Big losses in Russia-linked stocks prompt investors to reconsider other depositary receipts.

Big losses in Russia-linked stocks prompt investors to reconsider other depositary receipts.

The Uncertainty of Global Investors in Securities Linked to Geopolitical Hot Spots

Russian Depositary Receipts

London/New York, Aug 14 (ANBLE) – Global investors are losing confidence in securities linked to shares of companies in the world’s geopolitical hot spots, investors and analysts said, after Moscow moved to de-list Russian depositary receipts from foreign exchanges in retaliation for Western sanctions over the war in Ukraine.

Depositary receipts, or DRs, are certificates issued by a bank representing shares in a foreign company traded on a local stock exchange. DRs reduce currency and liquidity risk for buyers, who see them as one of the surest ways to invest in companies in countries ranging from Brazil to China.

However, recent events in Russia have shaken investors’ trust in DRs. Many foreign investors have been unable to trade Russian securities due to Moscow’s actions. This has caused them to write down the value of depositary receipts of Russian companies to zero. Now, investors and analysts are concerned about the possibility of similar reactions by other governments and the potential risks these pose to current prices.

The Intersection of Politics, Investment, and Risk

“Political instability and rapidly shifting geopolitical alliances can, in a very short amount of time, result in frozen and inaccessible capital,” warns Peter C. Earle, an economist with the American Institute for Economic Research. The time has come for investors to consider the combination of three crucial factors: the size of their exposure to foreign securities, the likely return on those investments over time, and the potential for geopolitical conflicts.

According to data from Citigroup, $2 trillion in DRs were traded in the first half of 2023. Companies raised $4.7 billion in the same period, compared to $2.8 billion in the first half of 2022. This growth in DR activity indicates continued portfolio globalization and diversification, despite geopolitical concerns in select markets and sectors.

DR Programs by Country

Among the ten most traded DR programs in 2022, five were issued by Chinese companies. However, the current loss of confidence in DRs could lead to a drain of foreign capital from firms in emerging economies. To mitigate this risk, some advisers suggest global banks that issue DRs should better communicate potential risks to investors. It is important for investors to reassess their exposure to countries at war or unstable governments if they seek to outperform broad stock market returns.

“The geopolitical risk of owning a GDR (global depositary receipt) right now is under-appreciated by most western investors… GDRs should now be viewed as riskier, investors should reassess allocation levels and require a risk premium,” advises Christopher Day, managing director of U.S.-based Doliver Advisors. This sentiment is echoed by Michael Ashley Schulman, partner and chief investment officer at Running Point Capital Advisors, who emphasizes the need to understand the legal and jurisdictional exposure associated with DRs.

Moscow’s Shakedown and the Flaw in DRs

Moscow’s recent actions have highlighted a major flaw in DRs. These instruments provide investors with indirect ownership of shares, which makes them vulnerable to possible trading bans or restrictions in other jurisdictions. Grzegorz Drozdz, a market analyst at investment firm Conotoxia Ltd, warns of the threat that such instruments may face in the future.

While some believe that Russia is an extreme case and losses sustained by Russian DR holders are unlikely to trigger a retreat from other DR markets, investors are advised to exercise caution. Malcolm Dorson, senior portfolio manager at Global X, suggests reviewing risk tolerance levels.
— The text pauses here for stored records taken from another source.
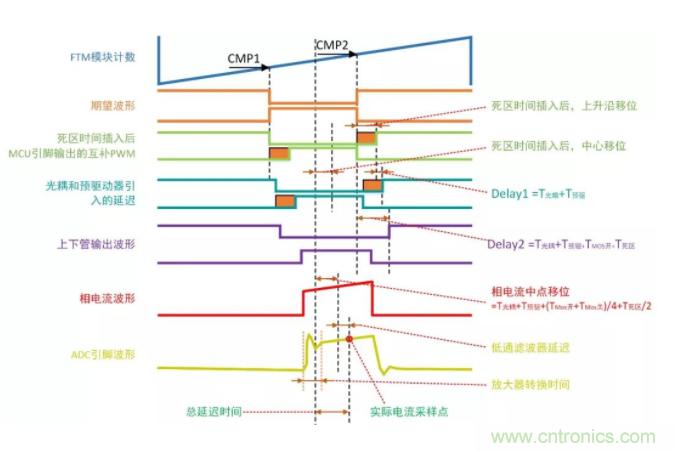 忽略了這個細(xì)節(jié)，F(xiàn)OC電流采樣當(dāng)然不準(zhǔn)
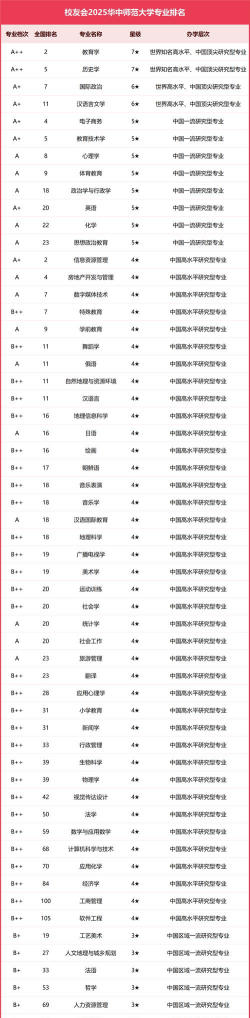 2025华中师范大学在全国排名多少位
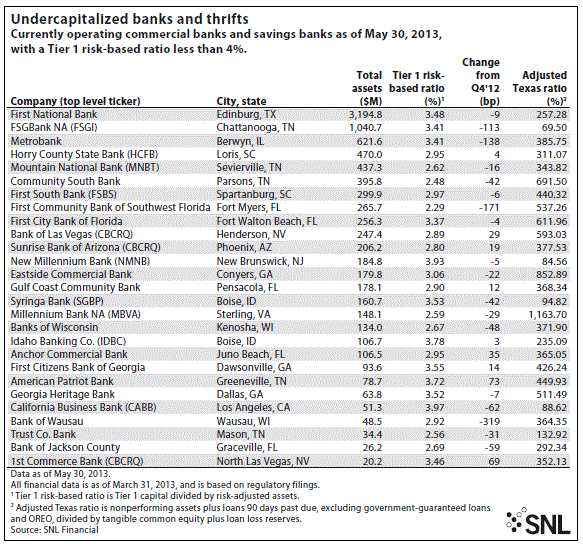 undercapitalized banks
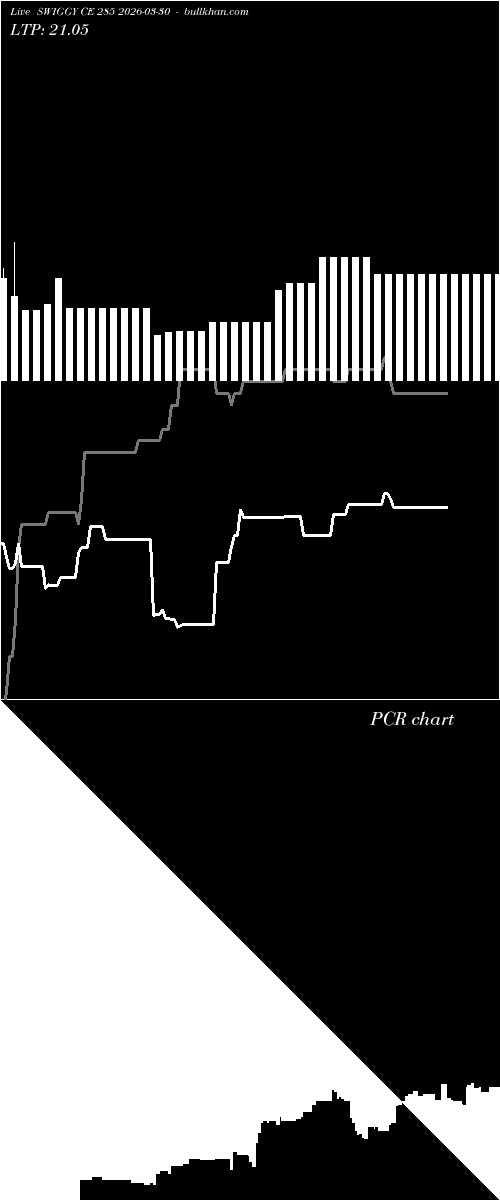  option chart SWIGGY CE 285 2026-03-30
He reminds us that DR programs, due to their additional layer between companies and investors, carry slightly more risk than regular equity securities. In normal circumstances, governments are incentivized to keep DR investors happy as they allow international investors access to markets, providing capital and investment opportunities for these companies and countries.

In conclusion, the uncertainty surrounding DRs linked to geopolitical hot spots is causing global investors to question the potential risks associated with these securities. The recent example of Russian DRs being de-listed and frozen has highlighted the need for investors to reassess their exposure and consider the intersection of politics, investment, and risk. While geopolitical tensions remain, investors should carefully evaluate the level of risk they are willing to take on when investing in securities from countries in conflict or with unstable governments.